Recently I bought an Olympus E-1 Mk 2 and the DNG Converter (v9.8) works well to produce the right files. However, when I drop these (Olympus origin) DNGs onto the icon nothing happens at all.

I installed the Lightroom DNG plug in and that does indeed recover edge pixels but (forgive me for being picky) I don't want the complication of a second copy of the file. 

Is there a later version of the standalone Recover Edges programme anywhere? Or is there the option of the plugin modifying the DNG rather than creating a copy?

Thanks for any help available.

David


----------



## Victoria Bampton (Apr 20, 2017)

The LR plug-in is the only current way I know of. How many extra pixels are you gaining, for all that hassle?


----------



## dragnil (Apr 20, 2017)

Well, Victoria, that's why I said it's not a show stopper, Most of me is saying, "So, what?" but the other bit is curious... why should it work in the plugin and not in the standalone and what is it about Olympus files that is different?
I've yet to recover an image by those very few pixels but it's become a habit if you know what I mean. So if there's no other easy solution I'll forget it. Thanks for your help.


----------



## Ian.B (Apr 21, 2017)

well I have learnt something else to worry about now --- edge recovery ?? 
I know nothing ( yeah ok; you didn't have to agree ) about this _edge recovery_; but wouldn't a slight crop do the same thing? (???)

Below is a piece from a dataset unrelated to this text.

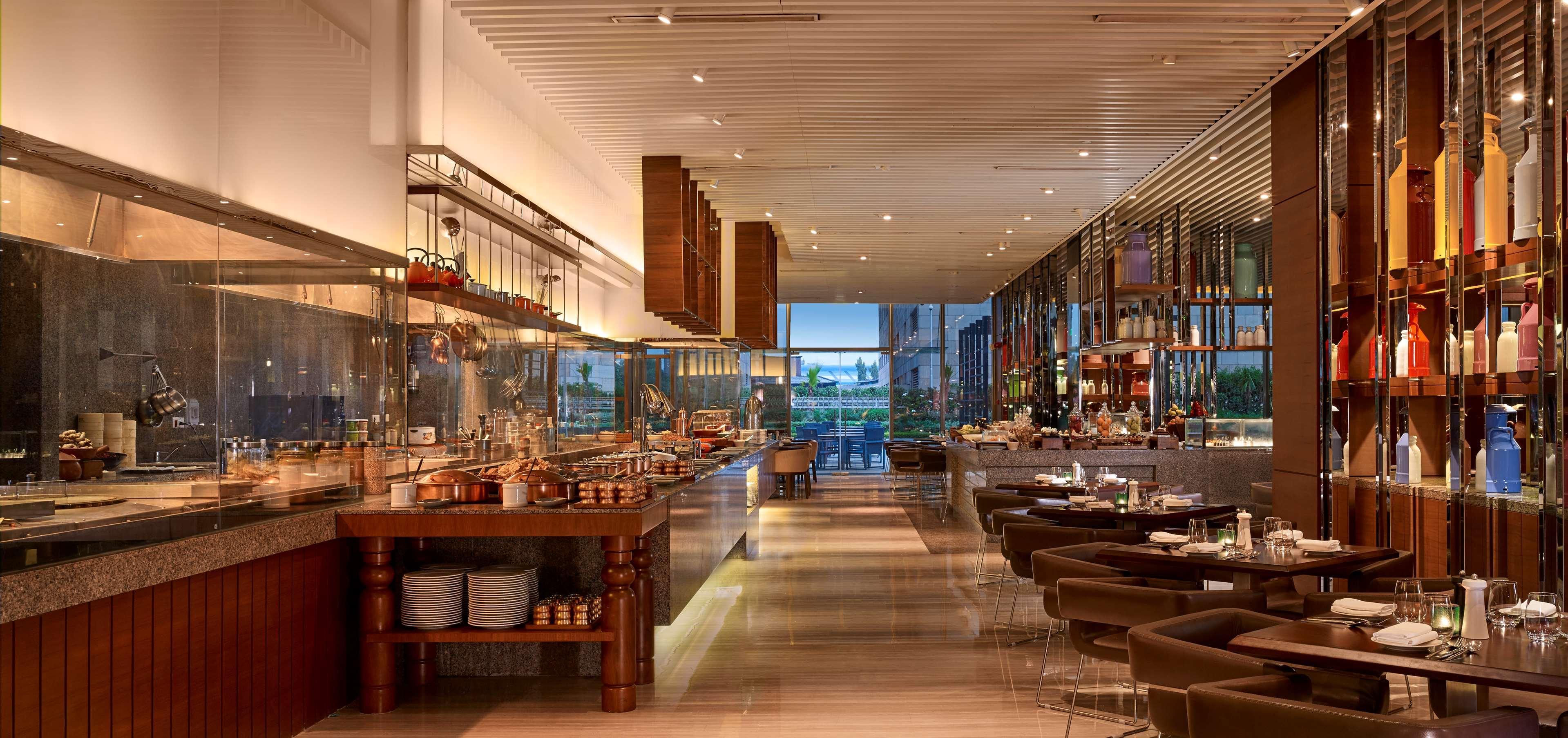 Hyatt Regency Chandīgarh Екстериор снимка The restaurant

Another question: why are you converting to dng (I do that) and then archive the original raw file ?
Just interesting to know how and why others do things


----------



## Victoria Bampton (Apr 21, 2017)

Once upon a time Ian, it was used to recover pixels from in-camera crops, but then they built that into Lightroom for more recent cameras. There are also a few extra pixels around the edge of the raw files that the in-camera JPEGs and any raw converters ignore (usually because the content can't be calculated accurately), and some people like to pull that back.


----------



## Ian.B (Apr 21, 2017)

Once upon a time Ian ....  I could do with a better bed time story than that hahaha
Thanks Victoria; at least I have learnt a couple of things today


----------